Je crois que ça passe d’abord par le fait d’accepter une forme de frustration. Quand tu écoutes un artiste ou que tu vois un concert, c’est facile de se dire : “J’aimerais tellement sonner comme ça.” Mais au final, il faut apprendre à ne pas se comparer et à creuser ce qui te ressemble vraiment.

Parfois, tu penses avoir trouvé la bonne direction, et puis tu changes d’avis quelques semaines plus tard. C’est normal. Pour garder une cohérence, c’est important de s’entourer de gens de confiance, capables de te donner un vrai retour, même quand c’est pas agréable à entendre.

Et surtout, il faut accepter de ne pas tout contrôler. Quand t’as la tête dans ton projet, c’est presque impossible d’être totalement objectif. Parfois, laisser les choses respirer, ça permet d’avancer beaucoup plus naturellement.

Si tu pouvais choisir n’importe quel artiste avec lequel travailler, ce serait qui ?
Le premier nom qui me vient, c’est Victor Solf.

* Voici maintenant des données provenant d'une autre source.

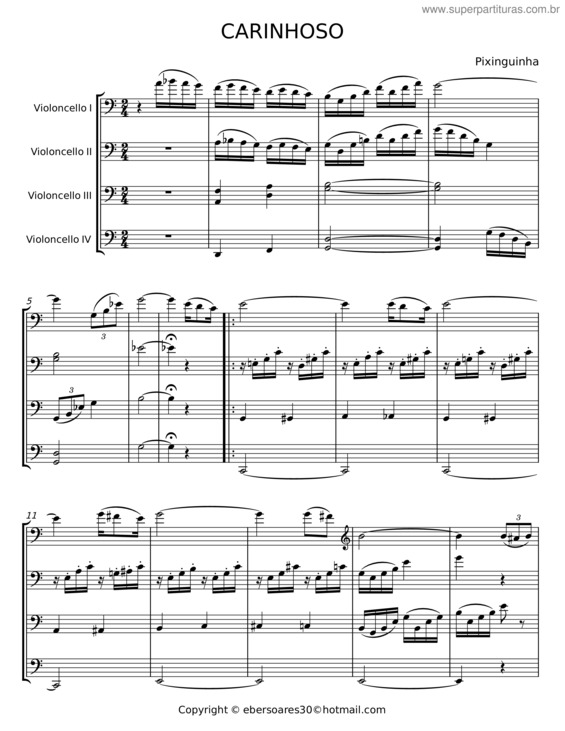 Partitura da música Carinhoso – Pixinguinha v.14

J’aime beaucoup ce qu’il fait depuis la fin de Her. Il a une voix qui me touche beaucoup, très sincère. Et j’aime aussi le fait qu’il se soit mis à chanter en français — je trouve que ça lui va super bien. Comme j’ai commencé à chanter en français moi aussi avec ce projet, je me dis que ce serait vraiment génial de faire quelque chose ensemble.

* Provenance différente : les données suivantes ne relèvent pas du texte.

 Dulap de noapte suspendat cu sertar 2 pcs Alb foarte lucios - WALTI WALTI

Qu’est-ce que tu peux nous dire de ton album qui sort l’année prochaine ?
C’est un album très personnel. Tous les morceaux parlent de moi, de mon passé, de ma famille, de mon arrivée en France… Chaque titre raconte une partie de mon histoire. Je dirais qu’il est riche, sincère, et — j’espère — un peu poétique. Les premiers retours que j’ai eus sont très positifs, donc ça me rassure !

C’est un projet assez particulier, parce que je l’ai entièrement enregistré chez moi, par choix. Par exemple, pour les percussions, c’est juste moi qui tape sur mes casseroles ou sur mon piano. Je le vois un peu comme un accouchement : ça a été éprouvant, mais je suis vraiment fier du résultat.

Quelle est la chanson qui représente le mieux l’album selon toi ?
Je dirais Passage des fleurs. C’est une chanson que j’adresse à mon grand-père. Il parle pas français, je parle pas turc, mais on est très proches. Le morceau parle de ça : du lien qu’on peut avoir avec quelqu’un, même sans se comprendre par les mots.

Le titre vient d’un quartier d’Istanbul où il traînait quand il était jeune. C’est un clin d’œil à lui, et à cette part de mon histoire familiale.

Est-ce que tu as un coup de cœur musical à partager ?
En ce moment j’écoute beaucoup Little Simz, je la trouve trop forte même si ça n’a rien à voir avec ce que je fais ! 

Un mot de la fin ?
Allez écouter Mer d’hiver, c’est mon premier single en français ! Il y aura une série de singles et de clips qui sortiront en 2026, j’ai vraiment hâte de partager tout ça. Et je serai en tournée — je passe notamment au Hasard Ludique le 14 octobre. Venez !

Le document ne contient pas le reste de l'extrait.